Dysgu "Do children ever simply 'grow out' of sleep problems? "

I found that mine did if you mean do they go to bed and go to sleep. If you mean problems such as teens not getting up when they should and sleeping to lunchtime if you leave them then I'm not sure yet

Sawyer64 · 27/04/2009 21:18

Agree with Custardo.I think in her 2 yr old way she is "testing the boundaries" and you have to stay firm.

I went through this a little while ago with my 2.6 yr old.

It is awful,but she is learning that she plays a part in the way things happen,and she is learning that she doesn't have to do everything without question.

I think you have to reinforce the guidelines/boundaries.

Give plenty of notice,do your bedtime routine,but when its finished its finished.You need to walk away,talking as you go that its time to sleep now.

It takes a few days for her to realise that Mummy does mean it,and bedtime is for sleeping,but it does get better.

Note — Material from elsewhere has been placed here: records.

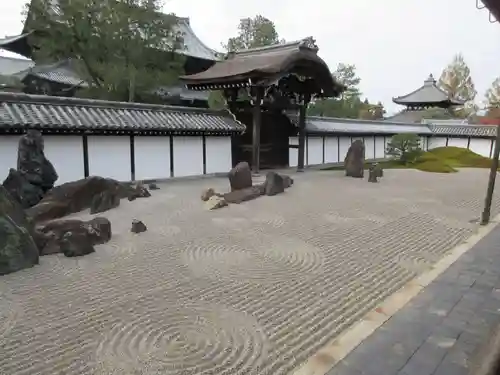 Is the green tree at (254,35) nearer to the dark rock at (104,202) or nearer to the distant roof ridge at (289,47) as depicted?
the distant roof ridge at (289,47)

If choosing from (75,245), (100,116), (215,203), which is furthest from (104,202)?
(100,116)

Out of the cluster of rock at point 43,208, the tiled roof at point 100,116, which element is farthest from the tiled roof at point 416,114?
the cluster of rock at point 43,208

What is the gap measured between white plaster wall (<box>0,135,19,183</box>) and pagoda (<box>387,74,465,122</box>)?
33.8 metres

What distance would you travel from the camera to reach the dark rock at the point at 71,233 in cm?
689

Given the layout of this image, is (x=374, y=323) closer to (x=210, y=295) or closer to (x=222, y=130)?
(x=210, y=295)

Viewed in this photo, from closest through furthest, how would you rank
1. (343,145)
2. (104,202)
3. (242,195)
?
(104,202), (242,195), (343,145)

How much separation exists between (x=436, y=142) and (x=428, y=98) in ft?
26.2

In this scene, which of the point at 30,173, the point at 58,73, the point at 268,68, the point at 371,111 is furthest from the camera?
the point at 371,111

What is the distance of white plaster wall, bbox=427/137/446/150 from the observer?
105 ft

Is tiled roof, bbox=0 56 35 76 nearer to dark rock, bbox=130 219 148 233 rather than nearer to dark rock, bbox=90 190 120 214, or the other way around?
dark rock, bbox=90 190 120 214

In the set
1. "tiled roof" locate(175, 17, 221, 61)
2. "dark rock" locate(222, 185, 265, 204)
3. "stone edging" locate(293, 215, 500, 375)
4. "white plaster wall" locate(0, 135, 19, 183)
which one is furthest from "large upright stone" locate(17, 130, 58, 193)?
"tiled roof" locate(175, 17, 221, 61)

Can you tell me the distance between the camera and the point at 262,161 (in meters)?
20.5

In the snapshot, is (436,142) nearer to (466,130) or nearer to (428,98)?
(466,130)

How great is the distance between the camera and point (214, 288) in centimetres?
543
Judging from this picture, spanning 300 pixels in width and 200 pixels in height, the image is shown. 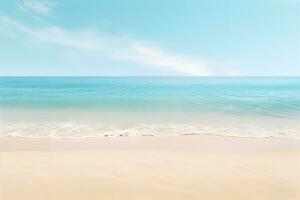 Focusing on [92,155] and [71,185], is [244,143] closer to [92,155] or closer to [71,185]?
[92,155]

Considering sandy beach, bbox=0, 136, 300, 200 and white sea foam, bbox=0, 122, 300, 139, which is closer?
sandy beach, bbox=0, 136, 300, 200

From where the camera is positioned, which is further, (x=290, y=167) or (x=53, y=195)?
(x=290, y=167)

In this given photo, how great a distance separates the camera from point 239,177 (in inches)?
96.0

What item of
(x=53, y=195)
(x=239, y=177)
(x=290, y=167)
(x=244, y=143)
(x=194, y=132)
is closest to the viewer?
(x=53, y=195)

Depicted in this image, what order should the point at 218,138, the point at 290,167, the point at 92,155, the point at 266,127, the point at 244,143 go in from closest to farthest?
the point at 290,167 < the point at 92,155 < the point at 244,143 < the point at 218,138 < the point at 266,127

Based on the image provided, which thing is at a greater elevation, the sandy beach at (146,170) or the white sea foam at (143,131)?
the sandy beach at (146,170)

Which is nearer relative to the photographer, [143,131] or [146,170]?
[146,170]

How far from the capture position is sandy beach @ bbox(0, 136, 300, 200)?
2053mm

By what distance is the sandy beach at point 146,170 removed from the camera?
6.73ft

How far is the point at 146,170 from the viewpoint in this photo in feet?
8.43

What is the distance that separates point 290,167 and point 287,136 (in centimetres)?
195

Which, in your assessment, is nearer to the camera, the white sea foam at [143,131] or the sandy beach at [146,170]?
the sandy beach at [146,170]

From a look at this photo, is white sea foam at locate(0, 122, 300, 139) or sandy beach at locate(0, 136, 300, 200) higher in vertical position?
sandy beach at locate(0, 136, 300, 200)

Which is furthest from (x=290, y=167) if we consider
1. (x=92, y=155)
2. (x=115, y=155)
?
(x=92, y=155) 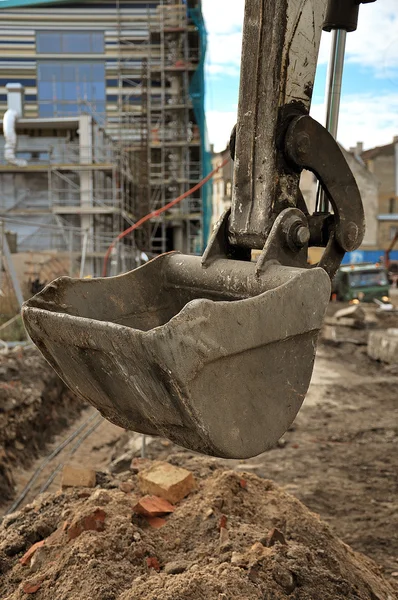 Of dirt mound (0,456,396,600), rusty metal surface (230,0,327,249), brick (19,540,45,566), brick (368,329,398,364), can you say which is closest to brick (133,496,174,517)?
dirt mound (0,456,396,600)

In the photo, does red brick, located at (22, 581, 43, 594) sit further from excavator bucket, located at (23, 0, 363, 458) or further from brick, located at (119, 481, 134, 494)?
excavator bucket, located at (23, 0, 363, 458)

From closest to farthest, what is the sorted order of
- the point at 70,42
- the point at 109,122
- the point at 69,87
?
the point at 70,42 → the point at 69,87 → the point at 109,122

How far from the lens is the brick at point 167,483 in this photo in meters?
4.16

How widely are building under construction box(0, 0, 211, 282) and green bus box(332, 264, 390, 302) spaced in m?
5.15

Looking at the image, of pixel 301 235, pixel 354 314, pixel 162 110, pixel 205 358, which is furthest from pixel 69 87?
pixel 205 358

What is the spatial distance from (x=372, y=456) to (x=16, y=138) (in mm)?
16073

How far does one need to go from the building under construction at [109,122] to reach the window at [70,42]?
0.04 meters

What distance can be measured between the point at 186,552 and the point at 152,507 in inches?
16.8

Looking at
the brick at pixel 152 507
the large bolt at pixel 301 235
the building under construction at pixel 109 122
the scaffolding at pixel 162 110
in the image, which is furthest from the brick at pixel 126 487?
the scaffolding at pixel 162 110

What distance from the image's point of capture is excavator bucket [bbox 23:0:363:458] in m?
2.20

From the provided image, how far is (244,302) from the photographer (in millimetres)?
2236

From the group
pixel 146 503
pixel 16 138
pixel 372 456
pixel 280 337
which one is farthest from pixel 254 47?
pixel 16 138

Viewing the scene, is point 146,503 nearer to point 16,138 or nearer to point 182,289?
point 182,289

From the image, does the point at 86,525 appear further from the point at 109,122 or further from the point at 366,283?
the point at 109,122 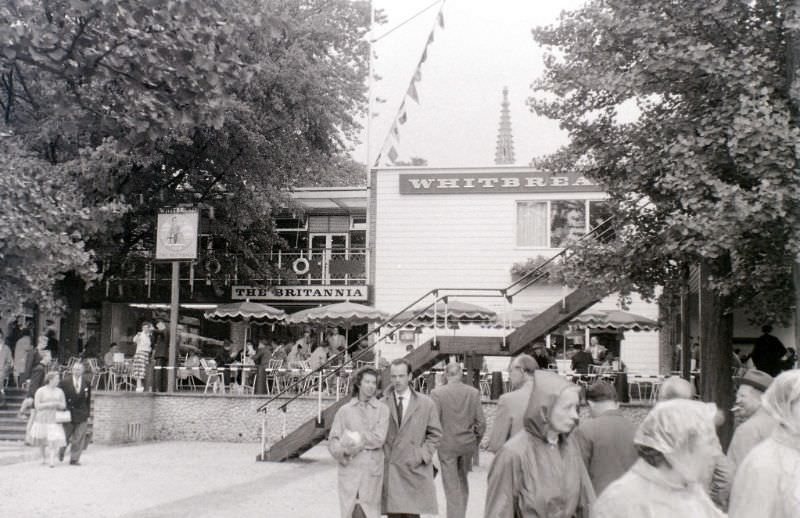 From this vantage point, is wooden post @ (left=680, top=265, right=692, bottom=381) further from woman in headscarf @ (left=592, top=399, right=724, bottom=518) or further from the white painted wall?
woman in headscarf @ (left=592, top=399, right=724, bottom=518)

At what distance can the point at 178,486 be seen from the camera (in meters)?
13.2

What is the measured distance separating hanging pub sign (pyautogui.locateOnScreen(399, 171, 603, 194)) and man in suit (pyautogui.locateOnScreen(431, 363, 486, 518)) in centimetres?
1883

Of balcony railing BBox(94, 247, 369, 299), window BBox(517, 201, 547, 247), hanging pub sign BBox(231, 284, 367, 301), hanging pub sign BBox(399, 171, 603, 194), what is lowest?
hanging pub sign BBox(231, 284, 367, 301)

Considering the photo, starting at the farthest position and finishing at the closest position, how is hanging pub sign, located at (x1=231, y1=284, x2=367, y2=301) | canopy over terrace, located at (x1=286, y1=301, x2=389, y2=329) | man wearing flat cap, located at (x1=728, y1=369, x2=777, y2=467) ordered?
1. hanging pub sign, located at (x1=231, y1=284, x2=367, y2=301)
2. canopy over terrace, located at (x1=286, y1=301, x2=389, y2=329)
3. man wearing flat cap, located at (x1=728, y1=369, x2=777, y2=467)

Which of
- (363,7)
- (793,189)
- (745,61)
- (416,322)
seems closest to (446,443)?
(793,189)

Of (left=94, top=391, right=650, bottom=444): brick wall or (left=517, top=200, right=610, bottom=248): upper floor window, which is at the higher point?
(left=517, top=200, right=610, bottom=248): upper floor window

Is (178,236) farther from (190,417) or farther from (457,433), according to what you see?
(457,433)

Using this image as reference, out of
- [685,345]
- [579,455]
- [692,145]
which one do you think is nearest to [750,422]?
[579,455]

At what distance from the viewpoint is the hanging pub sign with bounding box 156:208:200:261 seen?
21.7 m

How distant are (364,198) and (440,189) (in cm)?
379

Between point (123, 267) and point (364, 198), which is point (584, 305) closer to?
point (364, 198)

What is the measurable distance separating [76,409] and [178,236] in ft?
20.2

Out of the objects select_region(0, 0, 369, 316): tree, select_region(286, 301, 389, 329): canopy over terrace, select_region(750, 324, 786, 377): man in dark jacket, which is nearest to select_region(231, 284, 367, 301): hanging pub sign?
select_region(0, 0, 369, 316): tree

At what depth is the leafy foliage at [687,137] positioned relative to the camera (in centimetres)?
1064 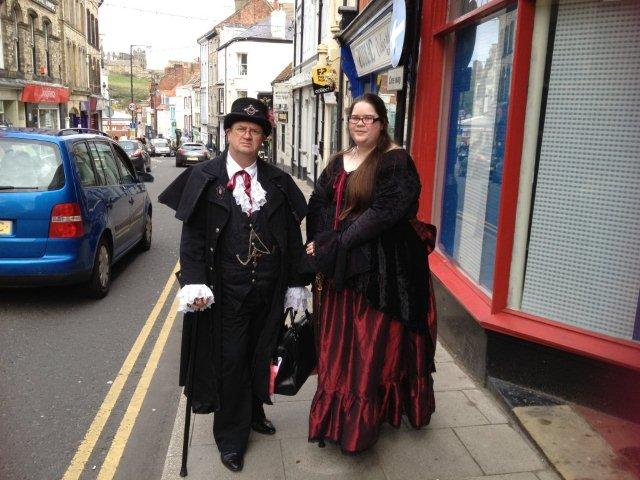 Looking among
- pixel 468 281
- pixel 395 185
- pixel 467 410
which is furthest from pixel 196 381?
pixel 468 281

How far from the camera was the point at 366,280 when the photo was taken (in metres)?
3.00

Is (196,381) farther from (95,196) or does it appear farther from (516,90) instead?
(95,196)

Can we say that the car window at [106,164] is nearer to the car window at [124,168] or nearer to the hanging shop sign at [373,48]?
the car window at [124,168]

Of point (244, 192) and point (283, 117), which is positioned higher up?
point (283, 117)

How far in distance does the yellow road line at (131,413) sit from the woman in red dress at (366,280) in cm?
119

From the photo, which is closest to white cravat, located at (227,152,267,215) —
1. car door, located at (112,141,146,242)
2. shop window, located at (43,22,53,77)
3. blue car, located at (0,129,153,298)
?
blue car, located at (0,129,153,298)

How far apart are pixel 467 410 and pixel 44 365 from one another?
3269 millimetres

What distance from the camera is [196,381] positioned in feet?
10.4

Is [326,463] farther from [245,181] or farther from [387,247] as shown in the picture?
[245,181]

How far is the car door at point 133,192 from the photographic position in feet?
25.0

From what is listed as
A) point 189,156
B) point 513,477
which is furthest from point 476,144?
point 189,156

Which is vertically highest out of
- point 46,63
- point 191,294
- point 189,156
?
point 46,63

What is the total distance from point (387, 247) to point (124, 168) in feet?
18.9

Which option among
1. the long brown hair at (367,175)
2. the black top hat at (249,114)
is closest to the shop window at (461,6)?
the long brown hair at (367,175) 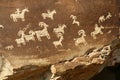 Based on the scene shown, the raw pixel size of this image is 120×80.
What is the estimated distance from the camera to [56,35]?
2516 mm

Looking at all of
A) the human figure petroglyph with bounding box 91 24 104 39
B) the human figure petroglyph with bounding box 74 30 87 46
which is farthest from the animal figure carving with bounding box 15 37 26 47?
the human figure petroglyph with bounding box 91 24 104 39

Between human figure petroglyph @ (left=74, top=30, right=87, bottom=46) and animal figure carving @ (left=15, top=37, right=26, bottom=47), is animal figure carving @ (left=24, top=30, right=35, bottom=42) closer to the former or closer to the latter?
animal figure carving @ (left=15, top=37, right=26, bottom=47)

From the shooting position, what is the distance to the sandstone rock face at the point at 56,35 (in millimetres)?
2398

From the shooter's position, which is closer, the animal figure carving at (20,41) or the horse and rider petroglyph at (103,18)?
the animal figure carving at (20,41)

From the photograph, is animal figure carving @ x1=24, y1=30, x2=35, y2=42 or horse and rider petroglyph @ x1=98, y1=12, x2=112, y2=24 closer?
animal figure carving @ x1=24, y1=30, x2=35, y2=42

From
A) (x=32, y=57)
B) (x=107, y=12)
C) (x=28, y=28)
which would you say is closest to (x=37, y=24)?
(x=28, y=28)

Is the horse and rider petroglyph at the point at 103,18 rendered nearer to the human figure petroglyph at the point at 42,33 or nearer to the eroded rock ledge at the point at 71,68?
the eroded rock ledge at the point at 71,68

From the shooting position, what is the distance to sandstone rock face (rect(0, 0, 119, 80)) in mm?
2398

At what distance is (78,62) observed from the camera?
8.31 ft

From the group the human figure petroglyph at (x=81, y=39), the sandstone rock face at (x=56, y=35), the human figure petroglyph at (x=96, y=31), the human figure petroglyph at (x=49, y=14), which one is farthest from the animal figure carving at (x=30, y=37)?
the human figure petroglyph at (x=96, y=31)

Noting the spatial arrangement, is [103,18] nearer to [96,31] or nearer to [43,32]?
[96,31]

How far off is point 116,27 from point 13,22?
74 cm

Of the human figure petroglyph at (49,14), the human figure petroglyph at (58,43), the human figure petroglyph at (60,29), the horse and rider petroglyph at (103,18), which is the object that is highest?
the human figure petroglyph at (49,14)

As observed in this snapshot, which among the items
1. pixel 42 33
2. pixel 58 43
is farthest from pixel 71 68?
pixel 42 33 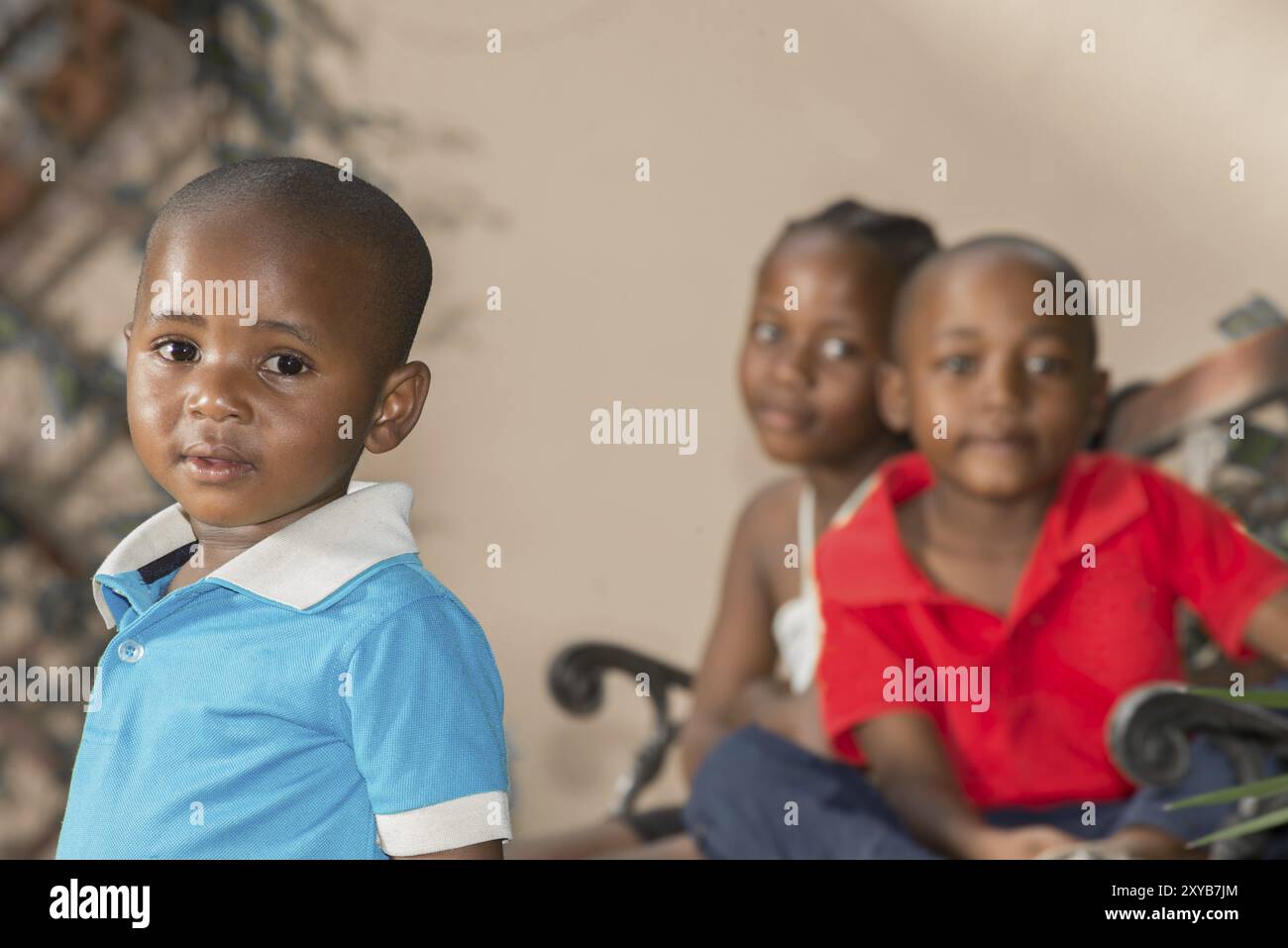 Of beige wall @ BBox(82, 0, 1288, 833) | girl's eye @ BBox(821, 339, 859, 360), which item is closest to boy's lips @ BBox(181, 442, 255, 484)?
girl's eye @ BBox(821, 339, 859, 360)

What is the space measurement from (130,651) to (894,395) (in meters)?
0.58

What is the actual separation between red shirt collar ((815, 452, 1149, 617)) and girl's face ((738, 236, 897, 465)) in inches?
2.3

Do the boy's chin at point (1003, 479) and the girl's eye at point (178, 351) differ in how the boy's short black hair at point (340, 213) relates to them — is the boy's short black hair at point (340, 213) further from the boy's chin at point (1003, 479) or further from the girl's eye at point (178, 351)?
the boy's chin at point (1003, 479)

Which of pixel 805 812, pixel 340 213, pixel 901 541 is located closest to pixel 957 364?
pixel 901 541

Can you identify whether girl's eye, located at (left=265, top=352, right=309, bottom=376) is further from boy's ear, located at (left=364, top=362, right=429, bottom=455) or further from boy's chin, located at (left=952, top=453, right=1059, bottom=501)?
boy's chin, located at (left=952, top=453, right=1059, bottom=501)

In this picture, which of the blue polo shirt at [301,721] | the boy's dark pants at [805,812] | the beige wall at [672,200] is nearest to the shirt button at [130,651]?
the blue polo shirt at [301,721]

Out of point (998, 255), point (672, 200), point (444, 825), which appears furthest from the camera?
point (672, 200)

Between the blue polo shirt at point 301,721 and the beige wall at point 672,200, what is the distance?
77 centimetres

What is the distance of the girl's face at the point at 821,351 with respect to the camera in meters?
0.88

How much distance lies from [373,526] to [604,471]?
0.78 metres

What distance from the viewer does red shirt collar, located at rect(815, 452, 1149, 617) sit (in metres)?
0.79

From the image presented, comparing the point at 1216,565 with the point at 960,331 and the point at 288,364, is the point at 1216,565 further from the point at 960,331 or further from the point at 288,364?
the point at 288,364

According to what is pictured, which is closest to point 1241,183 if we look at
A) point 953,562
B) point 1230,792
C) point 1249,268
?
point 1249,268

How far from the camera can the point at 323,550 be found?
1.18ft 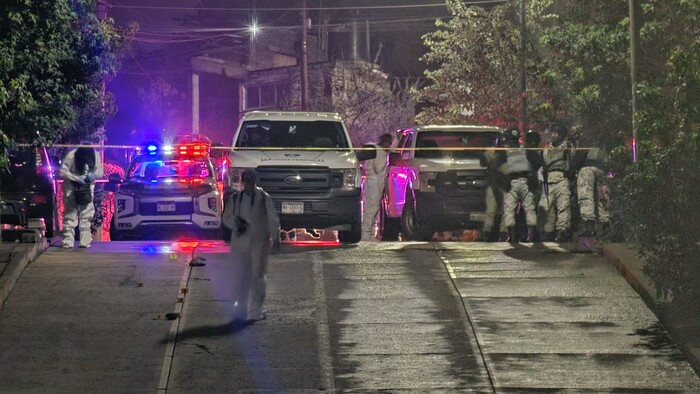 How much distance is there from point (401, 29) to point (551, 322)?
51890mm

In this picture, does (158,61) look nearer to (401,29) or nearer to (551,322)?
(401,29)

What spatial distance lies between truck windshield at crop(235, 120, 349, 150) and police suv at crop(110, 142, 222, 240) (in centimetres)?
80

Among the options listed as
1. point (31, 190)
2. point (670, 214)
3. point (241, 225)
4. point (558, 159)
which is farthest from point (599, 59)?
Answer: point (241, 225)

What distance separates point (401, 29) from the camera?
204 feet

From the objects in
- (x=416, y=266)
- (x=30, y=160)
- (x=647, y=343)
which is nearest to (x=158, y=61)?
(x=30, y=160)

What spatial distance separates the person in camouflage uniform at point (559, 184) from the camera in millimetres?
16141

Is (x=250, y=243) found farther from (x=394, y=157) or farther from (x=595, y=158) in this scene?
(x=595, y=158)

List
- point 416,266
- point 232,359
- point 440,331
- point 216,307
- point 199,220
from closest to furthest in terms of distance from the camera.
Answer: point 232,359 < point 440,331 < point 216,307 < point 416,266 < point 199,220

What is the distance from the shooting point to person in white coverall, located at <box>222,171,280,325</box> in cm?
1137

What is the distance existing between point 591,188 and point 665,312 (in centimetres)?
474

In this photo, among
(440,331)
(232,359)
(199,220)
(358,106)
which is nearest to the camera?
(232,359)

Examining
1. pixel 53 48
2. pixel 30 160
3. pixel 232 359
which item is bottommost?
pixel 232 359

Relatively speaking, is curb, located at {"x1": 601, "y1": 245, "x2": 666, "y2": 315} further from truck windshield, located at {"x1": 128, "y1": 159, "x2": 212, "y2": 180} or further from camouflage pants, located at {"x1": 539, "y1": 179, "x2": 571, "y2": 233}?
truck windshield, located at {"x1": 128, "y1": 159, "x2": 212, "y2": 180}

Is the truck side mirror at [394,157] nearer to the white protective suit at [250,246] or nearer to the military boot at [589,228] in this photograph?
the military boot at [589,228] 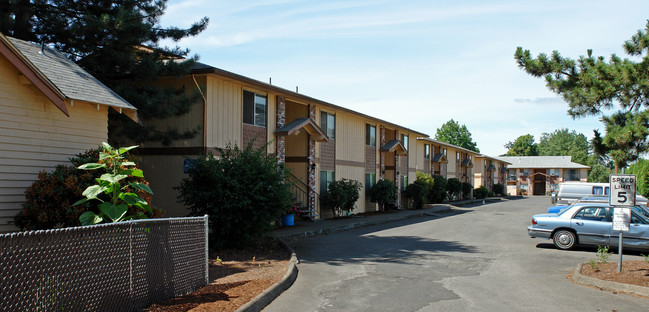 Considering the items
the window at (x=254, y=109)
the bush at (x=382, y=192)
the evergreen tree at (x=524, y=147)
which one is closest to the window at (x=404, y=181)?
the bush at (x=382, y=192)

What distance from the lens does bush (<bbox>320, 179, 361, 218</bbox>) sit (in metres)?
24.9

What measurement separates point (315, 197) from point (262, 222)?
35.5 feet

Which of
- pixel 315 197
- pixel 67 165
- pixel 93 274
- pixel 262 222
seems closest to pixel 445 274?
pixel 262 222

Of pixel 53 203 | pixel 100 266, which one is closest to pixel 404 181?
pixel 53 203

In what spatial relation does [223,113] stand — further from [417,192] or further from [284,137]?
[417,192]

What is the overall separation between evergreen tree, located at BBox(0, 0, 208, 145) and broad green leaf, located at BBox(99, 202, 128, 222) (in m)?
7.70

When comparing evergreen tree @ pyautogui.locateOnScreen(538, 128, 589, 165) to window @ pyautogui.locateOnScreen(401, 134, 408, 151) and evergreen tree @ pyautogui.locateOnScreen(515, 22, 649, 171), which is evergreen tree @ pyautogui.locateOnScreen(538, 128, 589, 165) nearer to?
window @ pyautogui.locateOnScreen(401, 134, 408, 151)

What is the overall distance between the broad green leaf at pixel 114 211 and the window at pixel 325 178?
56.3 feet

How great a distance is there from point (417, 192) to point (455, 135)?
223 feet

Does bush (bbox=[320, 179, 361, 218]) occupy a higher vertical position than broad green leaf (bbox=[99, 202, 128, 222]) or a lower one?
lower

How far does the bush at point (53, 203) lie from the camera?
10387 millimetres

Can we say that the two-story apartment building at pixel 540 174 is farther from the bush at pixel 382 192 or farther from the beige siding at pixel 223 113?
the beige siding at pixel 223 113

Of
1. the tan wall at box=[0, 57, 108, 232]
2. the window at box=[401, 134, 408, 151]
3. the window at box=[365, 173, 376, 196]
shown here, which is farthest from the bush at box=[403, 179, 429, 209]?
the tan wall at box=[0, 57, 108, 232]

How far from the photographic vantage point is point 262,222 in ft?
45.8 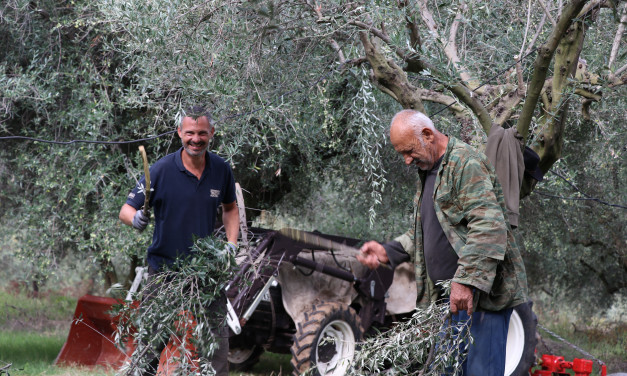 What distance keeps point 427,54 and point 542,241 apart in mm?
6143

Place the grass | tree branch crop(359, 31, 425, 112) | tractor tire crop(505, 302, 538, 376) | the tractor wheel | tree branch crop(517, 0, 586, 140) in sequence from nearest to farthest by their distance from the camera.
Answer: tree branch crop(517, 0, 586, 140) < tree branch crop(359, 31, 425, 112) < tractor tire crop(505, 302, 538, 376) < the grass < the tractor wheel

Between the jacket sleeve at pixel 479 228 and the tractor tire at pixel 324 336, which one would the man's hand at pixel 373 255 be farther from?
the tractor tire at pixel 324 336

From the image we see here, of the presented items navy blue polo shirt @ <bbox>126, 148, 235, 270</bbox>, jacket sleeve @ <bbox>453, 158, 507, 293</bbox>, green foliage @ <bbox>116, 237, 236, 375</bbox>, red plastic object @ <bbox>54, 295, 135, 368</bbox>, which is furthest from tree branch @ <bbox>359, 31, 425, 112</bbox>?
red plastic object @ <bbox>54, 295, 135, 368</bbox>

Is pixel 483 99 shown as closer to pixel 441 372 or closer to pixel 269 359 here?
pixel 441 372

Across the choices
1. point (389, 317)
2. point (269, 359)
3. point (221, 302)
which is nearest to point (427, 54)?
point (221, 302)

AitchTwoOh · 27/04/2009 21:24

dd went through a stage of this, screaming 'i hate my room' etc, and freaking out about monsters... i'm sure it was all linked in to her wee sister's early appearance.

tbh i was not in the least hard-core as i felt so sorry for her. i bought her some luminous stars to stick to her bed as it's a well-known fact that they repel monsters , and a bunting canopy thing for a few quid from ikea to turn her bed into a 'princess bed' and i climb into bed with her and we read a few stories and have a chat, sing a song and then i leave, telling her i'll be back in ten minutes to check she's okay. of course, she's always asleep.

oh, another thing that soupy said when i asked what to do on here was to get one of those kids wall lights from ikea, they just give a soft light so you can leave it on all night.

this will all depend on whether or not she's still in a cot, i understand. but i just wanted to say that i went the softly softly route and still do, and we have minimal mucking around as i just don't tolerate it.